Arsenal may currently sit top of the Premier League table, chasing their first major trophy since 2006, but such lofty heights could have been commonplace for the north Londoners had an audacious attempt to sign a young Lionel Messi been successful.
The failed effort to bring the Argentinean megastar to England is just one revelation contained in Guillem Balague's new book 'Messi'.
Speaking to the Belfast Telegraph, Sky Sports' La Liga expert, who will be appearing alongside Gerry Armstrong and Gaizka Mendieta at The Devenish tomorrow evening to talk about his latest release, revealed: "There is always talk about that class of '87 with Messi, Cesc, Pique and then other fantastic players as well.
"It was at a time when foreign teams didn't really have scouts in these places but there was one guy, Francis Cagigao, who saw them and was trying to convince them to come.
"Arsenal got Cesc but tried for Pique and Messi too. It would have meant all of the bureaucracy of moving over again so Jorge, Messi's father, said no."
Had the transfer materialised, the recent history of English football would no doubt have been very different, irrecoverably altered by a player that Balague rates as the best he has ever seen.

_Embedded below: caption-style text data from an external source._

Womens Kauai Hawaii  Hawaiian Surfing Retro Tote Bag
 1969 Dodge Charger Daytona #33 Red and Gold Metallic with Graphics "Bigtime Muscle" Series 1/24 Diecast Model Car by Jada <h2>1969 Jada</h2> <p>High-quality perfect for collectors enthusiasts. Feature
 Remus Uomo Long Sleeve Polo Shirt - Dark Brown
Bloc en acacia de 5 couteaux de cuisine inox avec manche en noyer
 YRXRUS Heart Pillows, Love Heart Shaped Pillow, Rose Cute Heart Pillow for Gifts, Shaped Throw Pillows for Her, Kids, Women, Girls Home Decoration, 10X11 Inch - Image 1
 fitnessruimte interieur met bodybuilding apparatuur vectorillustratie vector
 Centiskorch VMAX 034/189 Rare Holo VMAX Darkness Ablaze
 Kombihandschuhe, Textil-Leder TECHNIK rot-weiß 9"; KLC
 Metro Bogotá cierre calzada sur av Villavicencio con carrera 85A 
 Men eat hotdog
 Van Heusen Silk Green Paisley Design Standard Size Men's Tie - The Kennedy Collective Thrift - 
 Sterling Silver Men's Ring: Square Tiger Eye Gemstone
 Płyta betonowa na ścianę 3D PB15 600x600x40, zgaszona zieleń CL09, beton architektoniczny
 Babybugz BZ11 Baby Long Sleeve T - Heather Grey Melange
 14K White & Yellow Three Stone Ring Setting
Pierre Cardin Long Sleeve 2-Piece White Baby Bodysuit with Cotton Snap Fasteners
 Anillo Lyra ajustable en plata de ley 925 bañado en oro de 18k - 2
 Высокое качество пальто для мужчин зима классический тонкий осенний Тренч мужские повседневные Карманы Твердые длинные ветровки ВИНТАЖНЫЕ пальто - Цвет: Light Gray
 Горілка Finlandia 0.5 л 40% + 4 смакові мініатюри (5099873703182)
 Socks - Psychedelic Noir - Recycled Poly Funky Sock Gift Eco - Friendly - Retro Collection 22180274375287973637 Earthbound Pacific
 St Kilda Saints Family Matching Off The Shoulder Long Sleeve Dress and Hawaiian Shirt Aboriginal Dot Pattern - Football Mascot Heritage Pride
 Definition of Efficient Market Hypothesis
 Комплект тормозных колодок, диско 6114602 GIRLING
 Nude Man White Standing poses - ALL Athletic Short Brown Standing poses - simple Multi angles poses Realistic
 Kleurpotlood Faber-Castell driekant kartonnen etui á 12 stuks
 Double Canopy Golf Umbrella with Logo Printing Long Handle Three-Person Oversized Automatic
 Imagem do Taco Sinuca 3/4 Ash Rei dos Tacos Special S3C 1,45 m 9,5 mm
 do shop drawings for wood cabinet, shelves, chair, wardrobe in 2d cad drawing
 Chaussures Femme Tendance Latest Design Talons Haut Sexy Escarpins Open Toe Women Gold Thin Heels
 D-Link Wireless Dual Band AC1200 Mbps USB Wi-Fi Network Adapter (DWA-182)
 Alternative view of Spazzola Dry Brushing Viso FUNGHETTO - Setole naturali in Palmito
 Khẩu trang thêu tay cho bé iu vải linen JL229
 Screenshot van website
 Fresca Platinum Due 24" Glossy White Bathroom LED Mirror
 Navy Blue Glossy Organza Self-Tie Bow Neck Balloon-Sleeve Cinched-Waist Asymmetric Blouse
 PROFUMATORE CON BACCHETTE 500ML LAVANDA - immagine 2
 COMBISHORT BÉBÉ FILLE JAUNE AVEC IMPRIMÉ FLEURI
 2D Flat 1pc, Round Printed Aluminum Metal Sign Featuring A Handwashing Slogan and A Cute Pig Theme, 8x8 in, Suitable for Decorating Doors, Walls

On the man who has scored a staggering 223 goals in 257 Barca games, he said: "I saw maybe Maradona who was that influential but when it comes to consistency I think that's the difference with Messi.
"To play at such a high level, in 55 out of Barcelona's 60 games in a season, is in my eyes something that we haven't seen from anyone else."
And the difference between Messi and his famed Real Madrid rival Ronaldo?
"Ronaldo has the ability to win any game on his own, as we saw in the Sweden game (Portugal's World Cup play-off last month), but it's the consistency that is so important."
Such success has, of course, been hard-earned with Balague stating that perhaps the most striking thing he discovered in his research for the project was the traumatic upheaval suffered by a young Leo when members of his family retreated back to Argentina just one year after moving to Catalonia.
"At the start for Messi it was very difficult.
"The family is originally Italian, a culture where the mother is the centre of the universe, and when he was 13 she went back to Argentina.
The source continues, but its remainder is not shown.